* [What you are asked to do]: No pictures go in the copy. Restate, word for word, each line from the one containing "Professional Molecular Repair" through the last line below.

* [Data provided]:
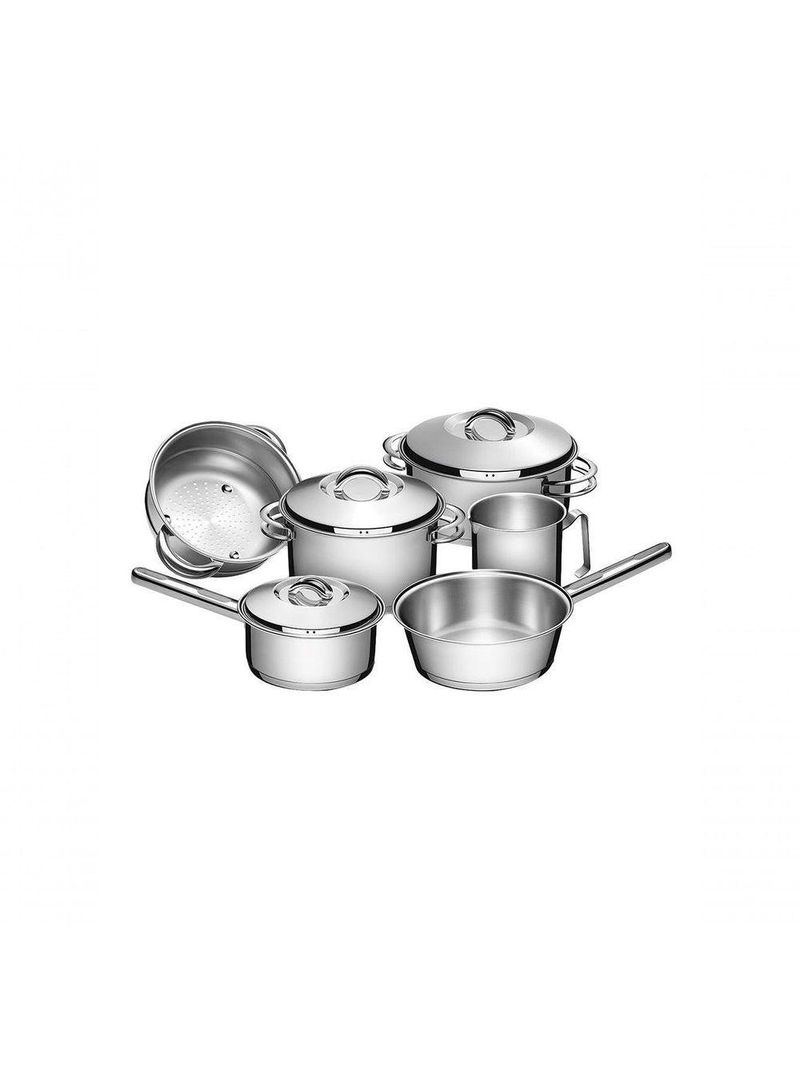 Jogo De Panelas Aco Inox 6 Pecas Solar
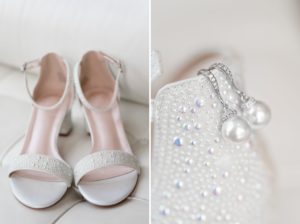 shoes wedding peal earrings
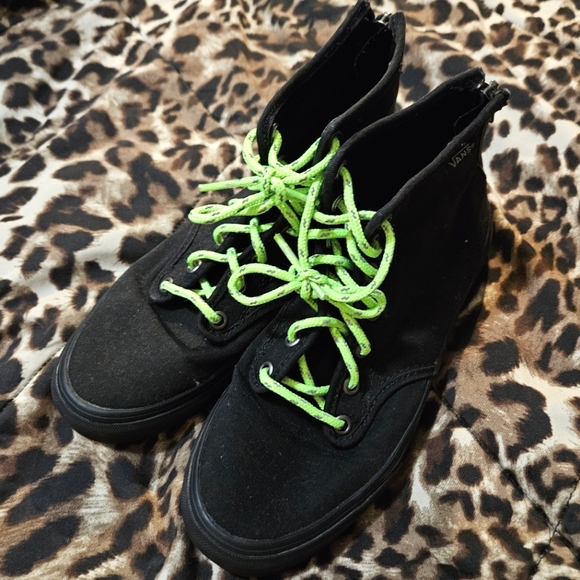Vans Shoes - Vans Solid Black High Tops
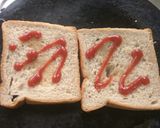 A picture of step 3 of Paneer toast.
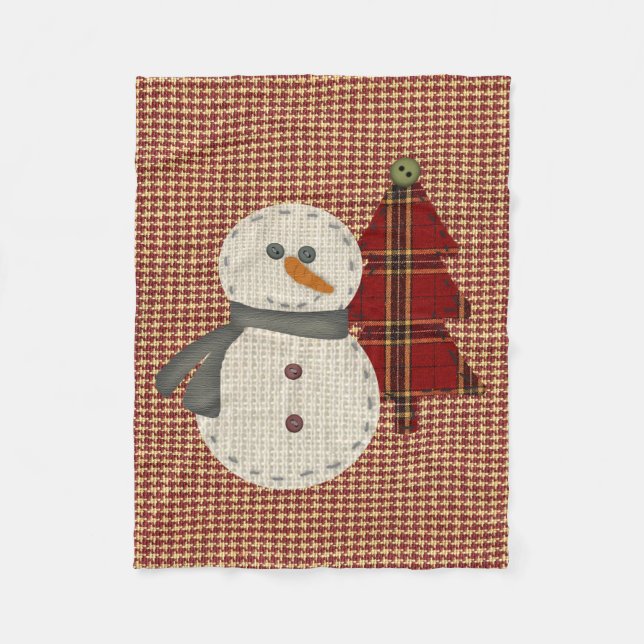 Sew jul Fleece Blanket (Framsidan)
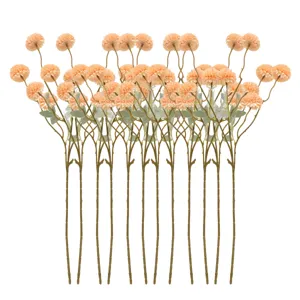 Artificial peach dandelion ping pong chrysanthemum flowers home decor wedding props.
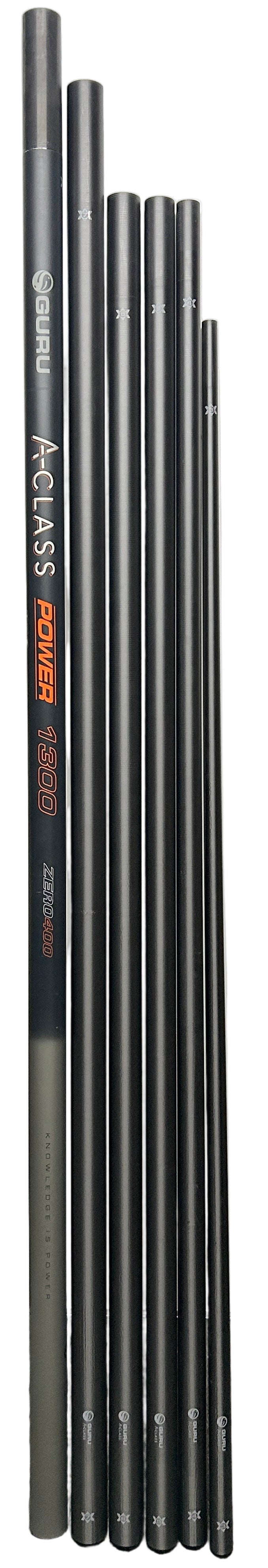 Guru A-Class Power 1300 Zero400 Pole 13m Power Pack + Extra Tops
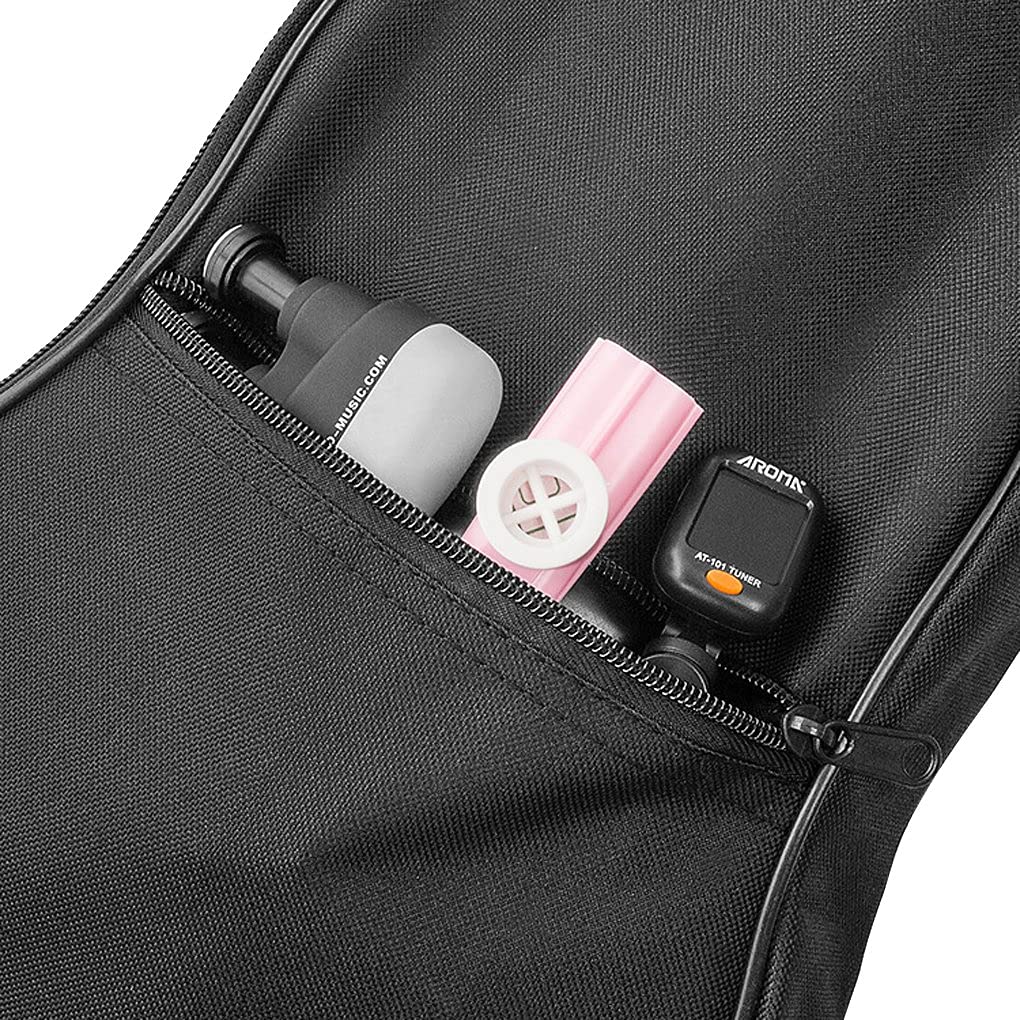 Lightweight, Durable, Waterproof Nylon Ukulele Bag with Cushioned Soft Case. Perfect for Storing and Transporting Your Guitar. 2-way Carrying Bag,
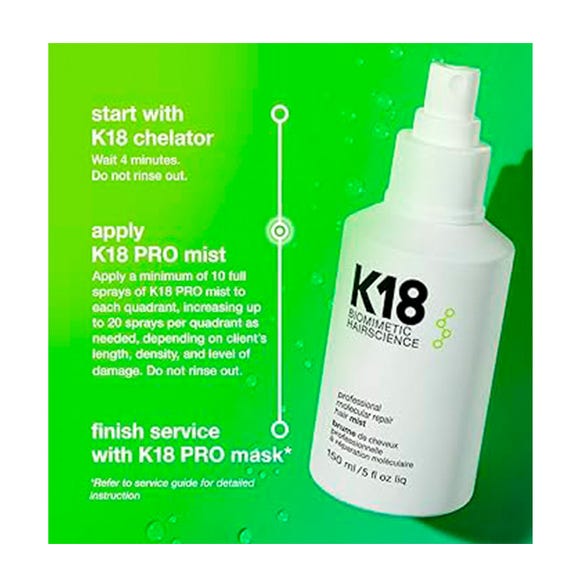 Professional Molecular Repair Hair Mist K18 Bruma Reparadora precio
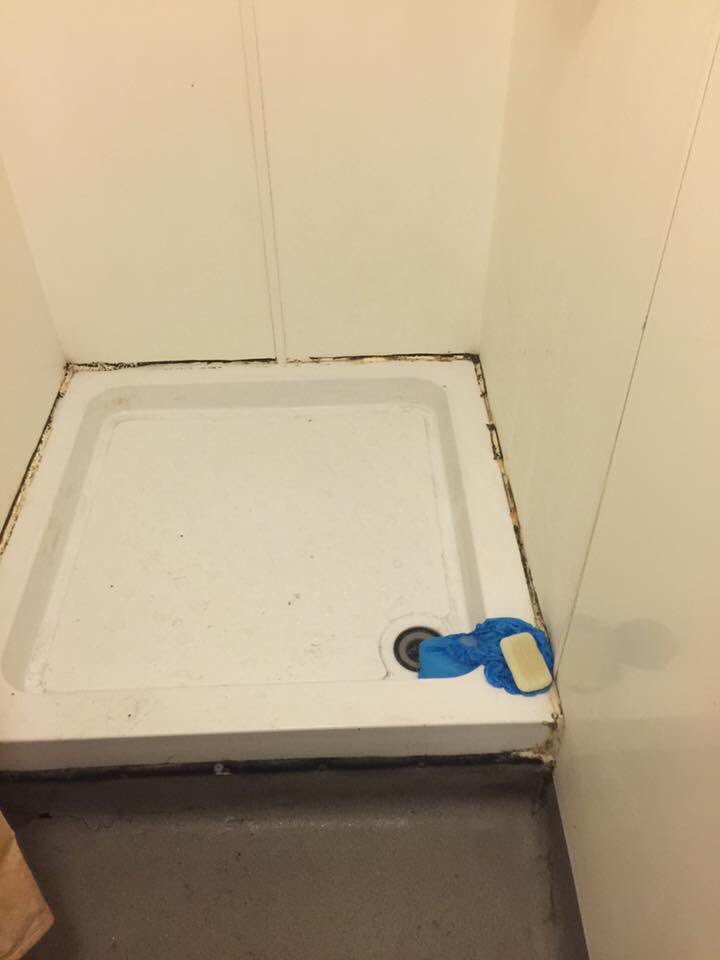 philboramsden's tweet photo. @motoway these are the state of your showers at Heston services. Utter disgrace. It's not just here it's at every one of your facilities. https://t.co/sqtm78zObo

* [Your response]:
 Professional Molecular Repair Hair Mist K18 Bruma Reparadora precio
 philboramsden's tweet photo. @motoway these are the state of your showers at Heston services. Utter disgrace. It's not just here it's at every one of your facilities. https://t.co/sqtm78zObo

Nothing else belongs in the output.